Sobre o RBI, a eurodeputada membro da Comissão do Emprego e Assuntos Sociais rejeita a implementação da proposta em Portugal e na UE porque não é a favor de que “o Estado deva entregar um cheque, de igual valor, a cada cidadão e fugir às suas responsabilidades na redistribuição da riqueza e no atenuar das assimetrias socio-económicas”.

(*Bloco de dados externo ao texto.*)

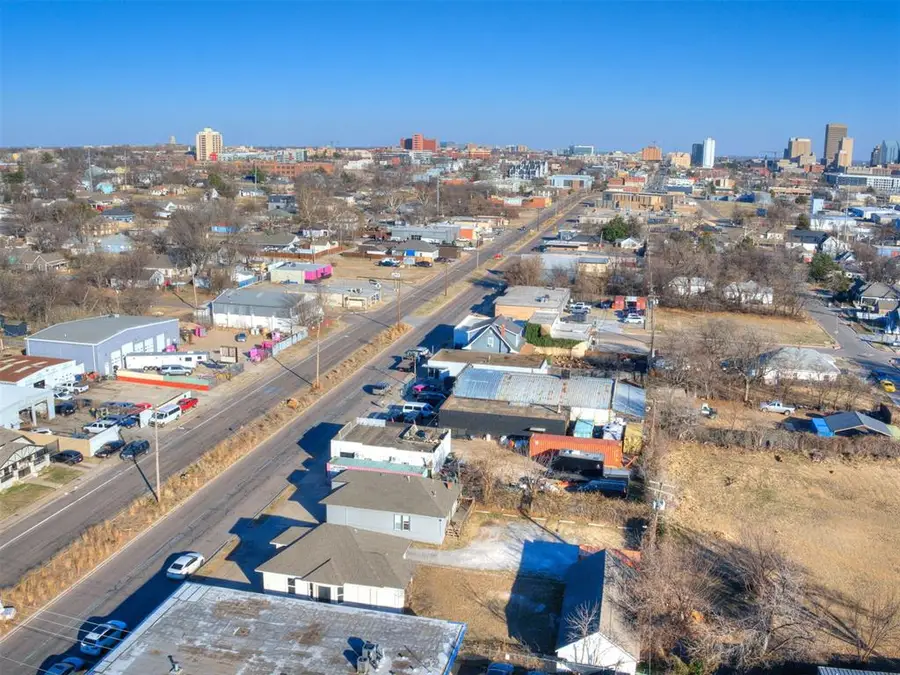 1628 Linwood Boulevard, Oklahoma City, OK 73106 - Image #3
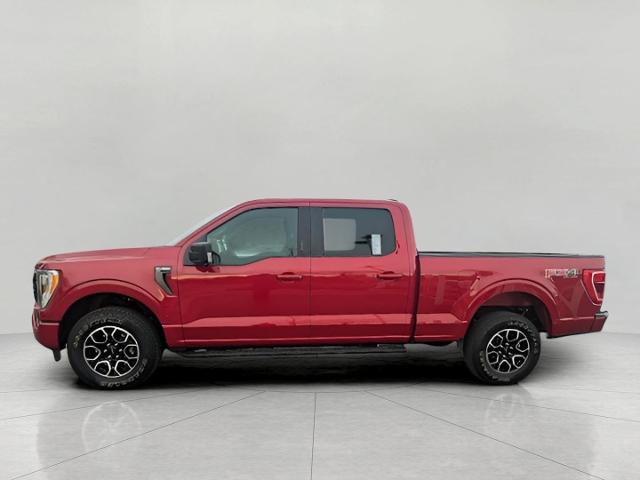 2021 Ford F-150 Vehicle Photo in Neenah, WI 54956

Para Francisco Guerreiro, o debate sobre o salário mínimo “não anula o debate sobre o RBI”, mas refere que as instituições europeias e os seus decisores políticos rejeitam discutir a medida porque, acredita, “há um claro receio de que se comprove o benefício do RBI, o que retira a plataforma política a alguns partidos, tanto à esquerda como à direita, que têm as ideias e as respostas do costume”. O eurodeputado defende que as métricas de desenvolvimento humano devem passar a ser “qualitativas e não quantitativas”.

“Ainda continuamos a medir o progresso da sociedade através do PIB e a narrativa política ainda está muito assente no crescimento contínuo. Isso esbarra na ideia de perspectivar uma diferente distribuição da riqueza e de reorganizar o modelo fiscal e o estado social”, diz o ex-PAN.